Publicado em 27 de junho de 2022

Assim como 1986 e 1987, os dois últimos anos da década de 70 também foram marcantes e de despedida para mim. Nem bem tirado o cheiro de xixi, vivenciei a precocidade de menino enxerido, ensaiando os passos iniciais na dança e a experiência das primeiras conquistas amorosas, na infantilidade de meus 9,10, 11 anos. Naquele tempo, fui protagonista de quadrilha e assustados juninos.

Noviço do Catecismo da Igreja de Santa Cruz, hoje Nossa Senhora das Dores, participei da quadrilha organizada por dona Lourdes. A querida catequista adotava atividades culturais paralelas como estratégia de animação e atrativo aos catecúmenos do bairro que herdou o nome do padroeiro, na parte que fora Cruzeiro, após a divisão territorial.

Sem pares certos, as filas masculina e feminina é que determinavam a dupla de cavalheiro e dama da quadrilha, antes dos ensaios. No penúltimo, a surpresa da convocação ao noivado; a noiva também escolhida pela organização. Na caracterização da matutice, o porte da arranjada contrastava-se com o meu, pois mais alta e de irresistível beleza juvenil.

No dia da apresentação, numa tarde de junho, a animação dos meninos quadrilheiros contagiou as ruas do bairro de Santa Cruz. Após a dança no salão, os pares saíram em carroças de burros, os noivos abrindo passagem na da frente, e o trio musical de Zé de seu Tatá dando o tom.

A carroceata percorreu parte das ruas Francisco Lopes de Almeida, Almirante Barroso, Três Irmãs e toda extensão da Prof. Luz Gil. Se fosse hoje, na moderna definição marqueteira, seria o Triângulo do Forró, visto que o encontro dessas vias forma um triângulo.

Terminados a dança e o desfile, noivo para um lado, noiva para outro. Eu procurava minha turma e saíamos de casa em casa, improvisando a dança sob o reinado do forró. A casa do gordo Epitácio, pai de duas ou três filhas, era a mais usada para esses assustados relâmpagos.

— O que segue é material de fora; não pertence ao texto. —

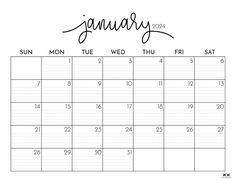 a calendar with the word january written in cursive writing on it and an image of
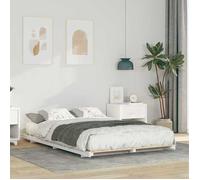 vidaXL Lit en Bois de Pin Blanc 120 x 190 cm Fini Mat - Bas, Style Minimaliste Japonais, Sûr et Facile à Monter à Deux, 873083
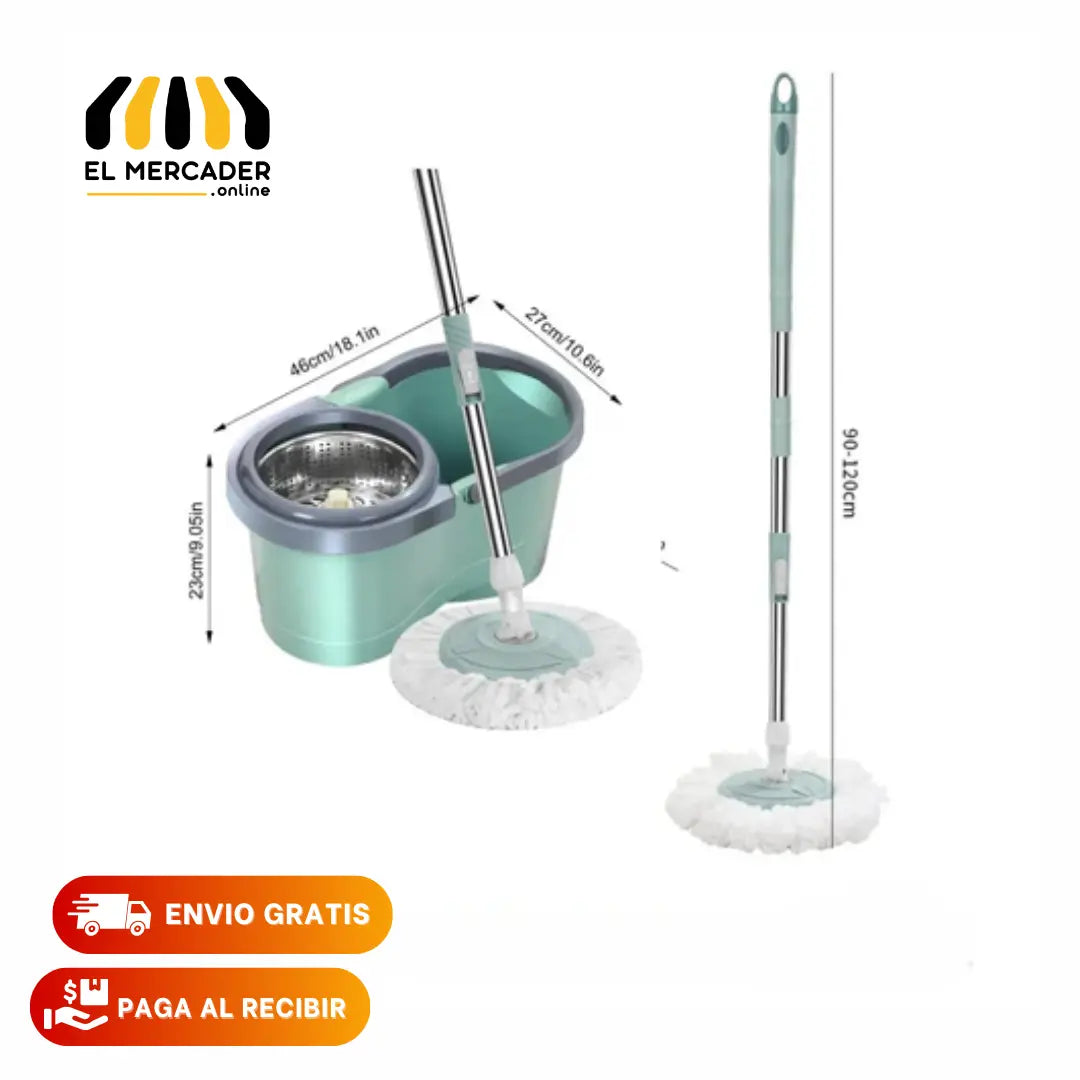 TRAPEADOR GIRATORIO CON CESTA METÁLICA Y BALDE EXPRIMIDOR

Além da dança, na agitação de minha pré-adolescência, já contabilizava duas namoradinhas de infância, como lembra a letra saudosista da música de José Augusto. Filha de um sargento da PM (Menino corajoso!), Lúcia, a primeira namoradinha, me proporcionou a precedência pioneira da solidariedade de um amor, num momento de perda.

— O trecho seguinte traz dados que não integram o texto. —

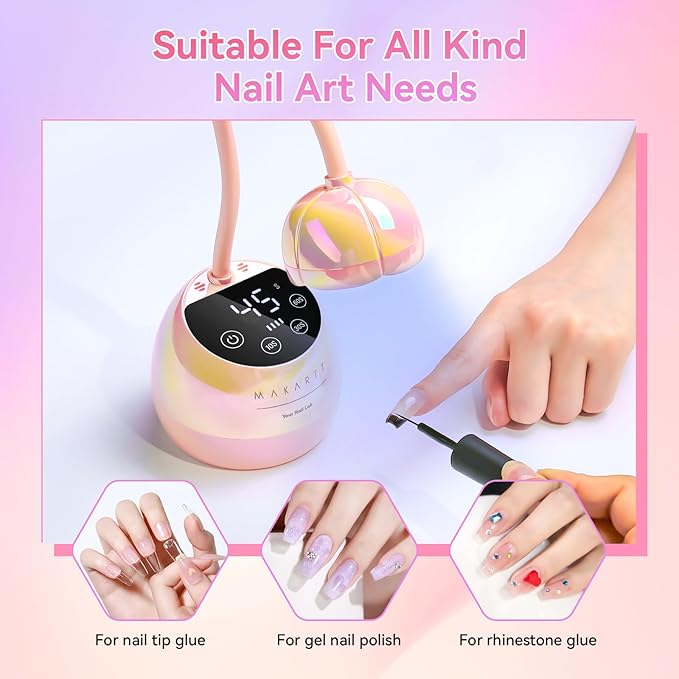 Makartt UV LED Nail Lamp - Gooseneck UV Light for Nails Cordless Rechargeable USB 39W Dryer LED Lamp with Auto Sensor 4 Timer Settings Fast Curing for Nail Art Polish (Glazed Pink)-VivaGrace Women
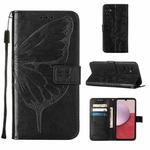 For Samsung Galaxy A25 5G / A24 Embossed Butterfly Leather Phone Case(Black)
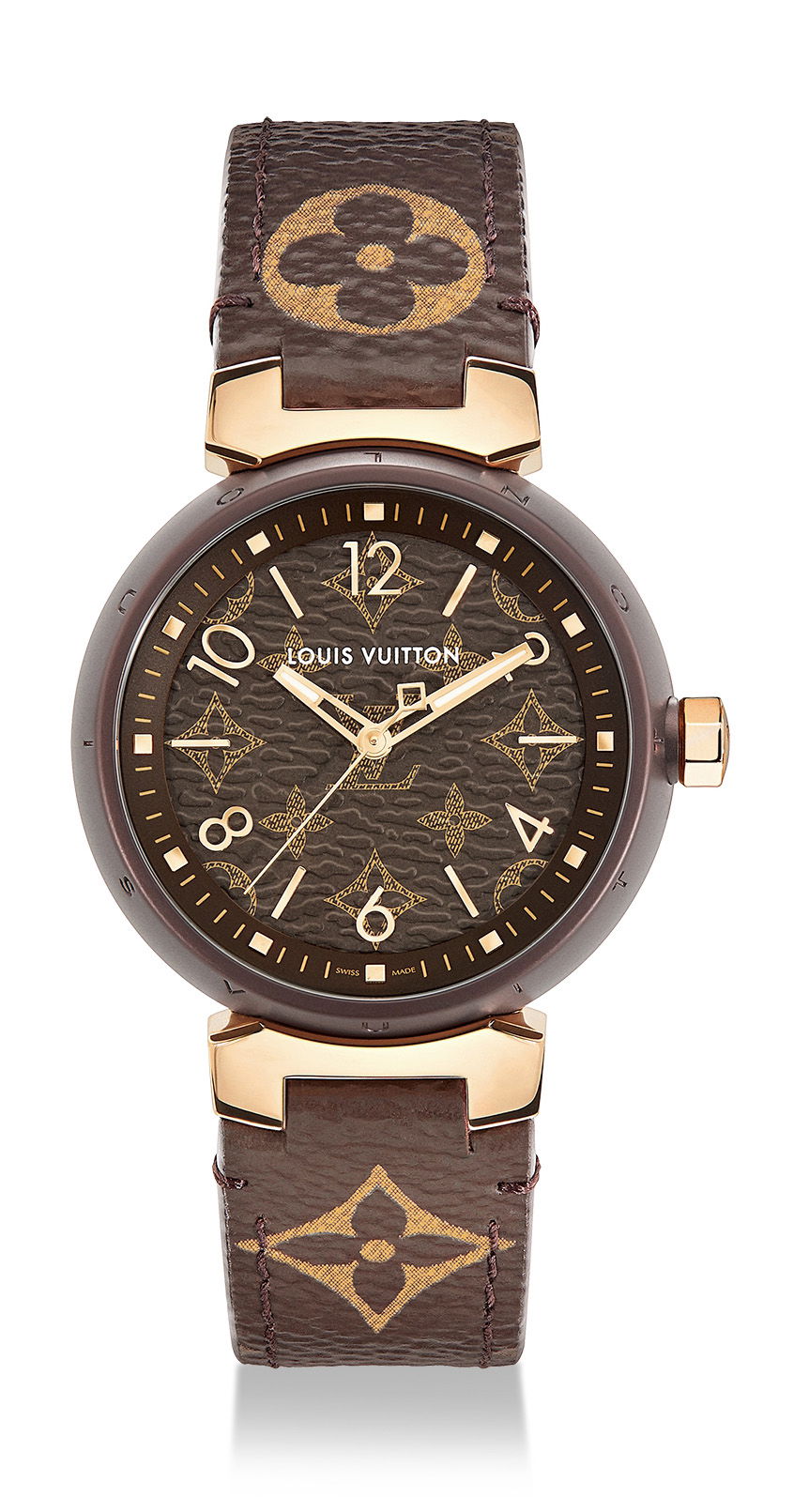 Louis Vuitton Tambour Monogram luxury timepiece - detailed view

Um dos meus irmãos recém-nascidos engrossara as estatísticas de mortalidade infantil dos anos 60 no Nordeste. Meu pai comprou o ataúde adequado; minha mãe, com a ajuda de vizinhas, enfeitou-o, e um grupo pequeno de familiares e amigos saiu em cortejo.

No campo-santo, de braços cruzados, olhava eu o homem ainda revolvendo a terra, quando Lúcia se aproxima, toma posição ao meu lado, fica bem encostadinha e também cruza os braços. Carinhosamente, sua pequena mão direita procura a minha mão esquerda e se entrelaçam. De mãos dadas, na discrição que o segredo exigia, ficamos até o nosso anjinho receber o último buquê de flores.

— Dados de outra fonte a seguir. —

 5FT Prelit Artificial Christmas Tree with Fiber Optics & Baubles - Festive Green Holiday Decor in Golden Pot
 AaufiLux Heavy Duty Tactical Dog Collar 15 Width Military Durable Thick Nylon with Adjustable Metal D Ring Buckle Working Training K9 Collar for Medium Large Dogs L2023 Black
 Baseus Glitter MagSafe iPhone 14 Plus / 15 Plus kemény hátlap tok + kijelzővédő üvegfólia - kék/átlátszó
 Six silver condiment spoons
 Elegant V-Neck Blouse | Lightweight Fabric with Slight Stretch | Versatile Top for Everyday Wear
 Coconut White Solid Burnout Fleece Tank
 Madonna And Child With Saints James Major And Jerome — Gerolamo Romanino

Naquele distante 1970, vivenciei a intensidade de uma criança ativa e feliz. Brincando, estudando, trabalhando, dançando. E namorando. Tudo ancorado na inocência da idade. Seis meses depois daquele junho dançante, meu Natal seria vivido em outras plagas, pois a família se mudara para o Sertão.

Senti o impacto da mudança, e o retraimento na adolescência foi inevitável. No isolamento a que me submeti, imperou a timidez; então, nada de dança, de festa e até namoro. Em cinco anos que morei em terras sertanejas, apenas duas namoradas e em períodos de curta duração.

Ainda hoje, passados tantos anos, me pergunto o que essa mudança me trouxe de danos ou de benefícios. Pela disposição demonstrada na infância, a permanecer na terrinha, eu seria um pé de valsa, um farrista incorrigível. Nordestino, tomador de cachaça e amante do forró, viveria de forró em forró.

Se tivesse casado com uma mulher com a mesma disposição, viveria de festa o ano todo, feito o casal amigo Fausto e Elma, famosos dançarinos do Jardim 40. Ou então teria casado várias vezes ou me tornado um eterno descompromissado. Entendo que, matrimonialmente, foi benéfico, pois farei 34 de anos de casado em outubro.